Non clustered Column store index

Question

Non clustered Column store index

SQL_Surfer

SSCrazy Eights

Points: 8320
More actions
April 24, 2016 at 4:48 pm

#313444

Anyway, why my non-column store index is not performing well as it should? I'm querying a 5 million row table. I've attached a query plan. Any tips to speed this up would be greatly appreciated.
Thanks in advance.

Viewing 10 posts - 1 through 9 (of 9 total)

You must be logged in to reply to this topic. Login to reply

TheSQLGuru SSC Guru Points: 134017 More actions · Answer 1

SQL_Surfer (4/24/2016)
Anyway, why my non-column store index is not performing well as it should? I'm querying a 5 million row table. I've attached a query plan. Any tips to speed this up would be greatly appreciated.
Thanks in advance.

1) How is it performing? Why do you think it should be faster?

2) Have you done a file IO stall and wait stats analysis while it is running? Try sp_whoisactive with it's delay parameter.

3) Why are you using column store index with a paltry 5M row table?!?! I don't know if I would bother with that.

4) The estimated row count is 1 coming out of the fact table. If that estimate is off by a lot the query plan is probably suboptimal.

5) The estimated cost of the plan is 3.84 yet it shows parallelism. That is crazy. What is your cost threshold for parallelism setting?? I note that the default of 5 is WAY to low for modern systems, and yours seems to be even lower.

Best,
Kevin G. Boles
SQL Server Consultant
SQL MVP 2007-2012
TheSQLGuru on googles mail service

Hugo Kornelis SSC Guru Points: 64790 More actions · Answer 2

SQL_Surfer (4/24/2016)
Anyway, why my non-column store index is not performing well as it should? I'm querying a 5 million row table. I've attached a query plan. Any tips to speed this up would be greatly appreciated.
Thanks in advance.

You ask about a non-columnstore index, however the query plan shows that a columnstore index is used.

I agree with all the points Kevin makes. But I have some additional points as well:

1. Look into the foreign key constraints between fact table and dimension tables. They should exist, be enabled, and be trusted. They currently fail at least one of those three points.

2. Please post a repro script that includes CREATE TABLE statements, a few sample rows of data and an indication of the actual table size for each table, and the query. You can simplify if this is the typical 300+-column datawarehouse query - the pattern will probably not change if you reduce it to just a handful of columns per table used.

3. Please post the *actual* execution plan instead of the *estimated* plan you posted now.

4. Can you also try what happens if you run the same query with the added hint OPTION (IGNORE_NONCLUSTERED_COLUMNSTORE_INDEX)? Please post actual plan for that case and tell us how performance is affected.

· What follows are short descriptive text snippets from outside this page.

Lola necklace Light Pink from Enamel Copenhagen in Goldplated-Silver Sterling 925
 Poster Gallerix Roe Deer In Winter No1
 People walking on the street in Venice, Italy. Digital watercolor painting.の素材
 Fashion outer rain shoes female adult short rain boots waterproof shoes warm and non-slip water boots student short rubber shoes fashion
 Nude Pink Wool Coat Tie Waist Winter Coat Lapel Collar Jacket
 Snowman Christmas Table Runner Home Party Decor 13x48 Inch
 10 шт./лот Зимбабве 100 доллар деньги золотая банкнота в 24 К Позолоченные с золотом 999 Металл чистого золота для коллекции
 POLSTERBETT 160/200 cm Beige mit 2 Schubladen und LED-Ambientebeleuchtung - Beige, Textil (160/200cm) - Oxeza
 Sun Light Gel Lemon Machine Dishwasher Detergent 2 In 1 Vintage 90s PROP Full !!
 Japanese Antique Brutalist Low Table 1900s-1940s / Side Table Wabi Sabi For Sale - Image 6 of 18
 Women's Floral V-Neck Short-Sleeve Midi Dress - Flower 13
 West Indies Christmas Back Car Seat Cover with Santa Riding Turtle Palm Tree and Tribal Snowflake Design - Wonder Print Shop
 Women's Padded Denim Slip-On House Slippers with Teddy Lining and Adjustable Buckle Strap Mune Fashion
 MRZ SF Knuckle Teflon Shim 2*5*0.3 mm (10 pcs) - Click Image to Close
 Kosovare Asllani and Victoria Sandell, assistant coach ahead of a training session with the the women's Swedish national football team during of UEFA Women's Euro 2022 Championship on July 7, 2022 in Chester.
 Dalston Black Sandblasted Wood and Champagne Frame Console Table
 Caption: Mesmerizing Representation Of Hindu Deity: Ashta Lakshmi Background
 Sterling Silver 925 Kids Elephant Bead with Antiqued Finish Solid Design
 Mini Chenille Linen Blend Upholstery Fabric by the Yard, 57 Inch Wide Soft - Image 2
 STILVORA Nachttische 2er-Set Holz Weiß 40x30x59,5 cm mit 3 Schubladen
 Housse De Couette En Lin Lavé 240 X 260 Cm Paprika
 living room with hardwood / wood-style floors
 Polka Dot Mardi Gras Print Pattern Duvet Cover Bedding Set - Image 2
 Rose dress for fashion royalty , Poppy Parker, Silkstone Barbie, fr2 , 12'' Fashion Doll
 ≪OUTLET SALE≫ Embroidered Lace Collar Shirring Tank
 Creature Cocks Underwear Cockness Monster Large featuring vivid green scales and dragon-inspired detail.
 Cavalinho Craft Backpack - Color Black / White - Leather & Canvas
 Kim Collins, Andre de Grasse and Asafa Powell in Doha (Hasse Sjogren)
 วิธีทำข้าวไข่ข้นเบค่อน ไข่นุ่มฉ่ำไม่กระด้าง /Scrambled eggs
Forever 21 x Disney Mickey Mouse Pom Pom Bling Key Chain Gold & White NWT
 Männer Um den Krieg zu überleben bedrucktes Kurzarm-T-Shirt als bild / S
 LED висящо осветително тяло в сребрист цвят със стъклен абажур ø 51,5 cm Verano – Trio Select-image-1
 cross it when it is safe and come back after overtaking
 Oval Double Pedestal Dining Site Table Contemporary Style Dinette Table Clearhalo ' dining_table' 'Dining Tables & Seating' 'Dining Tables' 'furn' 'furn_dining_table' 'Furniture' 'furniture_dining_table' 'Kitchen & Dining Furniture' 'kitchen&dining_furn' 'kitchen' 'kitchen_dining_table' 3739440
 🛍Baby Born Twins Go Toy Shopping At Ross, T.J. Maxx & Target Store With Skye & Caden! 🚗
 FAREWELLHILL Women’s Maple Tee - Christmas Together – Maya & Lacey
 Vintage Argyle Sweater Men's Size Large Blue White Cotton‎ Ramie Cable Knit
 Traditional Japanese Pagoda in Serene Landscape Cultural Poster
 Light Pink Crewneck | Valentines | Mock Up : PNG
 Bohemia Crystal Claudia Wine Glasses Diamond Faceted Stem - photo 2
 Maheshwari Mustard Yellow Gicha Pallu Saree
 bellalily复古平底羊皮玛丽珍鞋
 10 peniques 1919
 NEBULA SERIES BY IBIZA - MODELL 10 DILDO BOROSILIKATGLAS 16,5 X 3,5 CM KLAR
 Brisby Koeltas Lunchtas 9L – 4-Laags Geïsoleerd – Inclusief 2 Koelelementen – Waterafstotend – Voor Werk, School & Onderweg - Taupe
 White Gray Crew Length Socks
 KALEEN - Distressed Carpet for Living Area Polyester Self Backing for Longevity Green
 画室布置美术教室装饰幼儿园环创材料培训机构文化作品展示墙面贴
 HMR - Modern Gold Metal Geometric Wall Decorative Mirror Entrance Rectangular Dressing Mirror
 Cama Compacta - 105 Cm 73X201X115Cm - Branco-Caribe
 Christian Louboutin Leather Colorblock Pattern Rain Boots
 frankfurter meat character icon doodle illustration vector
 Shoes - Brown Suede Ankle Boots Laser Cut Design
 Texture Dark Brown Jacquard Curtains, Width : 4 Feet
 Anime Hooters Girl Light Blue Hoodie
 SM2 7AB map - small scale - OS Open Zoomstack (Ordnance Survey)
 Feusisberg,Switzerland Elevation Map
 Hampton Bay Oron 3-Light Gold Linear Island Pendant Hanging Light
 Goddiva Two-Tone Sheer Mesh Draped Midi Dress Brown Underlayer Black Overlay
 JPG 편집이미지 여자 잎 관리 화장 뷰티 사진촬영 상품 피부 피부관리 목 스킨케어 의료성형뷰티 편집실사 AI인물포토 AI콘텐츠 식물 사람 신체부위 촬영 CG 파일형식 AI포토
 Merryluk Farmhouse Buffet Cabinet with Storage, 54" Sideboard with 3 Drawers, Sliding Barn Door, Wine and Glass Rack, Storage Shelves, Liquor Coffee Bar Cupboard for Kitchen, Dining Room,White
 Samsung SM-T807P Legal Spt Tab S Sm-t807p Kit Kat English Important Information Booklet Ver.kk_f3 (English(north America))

5. Which SQL Server version are you running?

Hugo Kornelis, SQL Server/Data Platform MVP (2006-2016)
Visit my SQL Server blog: https://sqlserverfast.com/blog/
SQL Server Execution Plan Reference: https://sqlserverfast.com/epr/

Eric M Russell SSC Guru Points: 125561 More actions · Answer 3

SQL_Surfer (4/24/2016)
Anyway, why my non-column store index is not performing well as it should? I'm querying a 5 million row table. I've attached a query plan. Any tips to speed this up would be greatly appreciated.
Thanks in advance.

You've attached an Estimated Plan, how about sending us an Actual Plan?

Also, what is the actual versus expected runtime?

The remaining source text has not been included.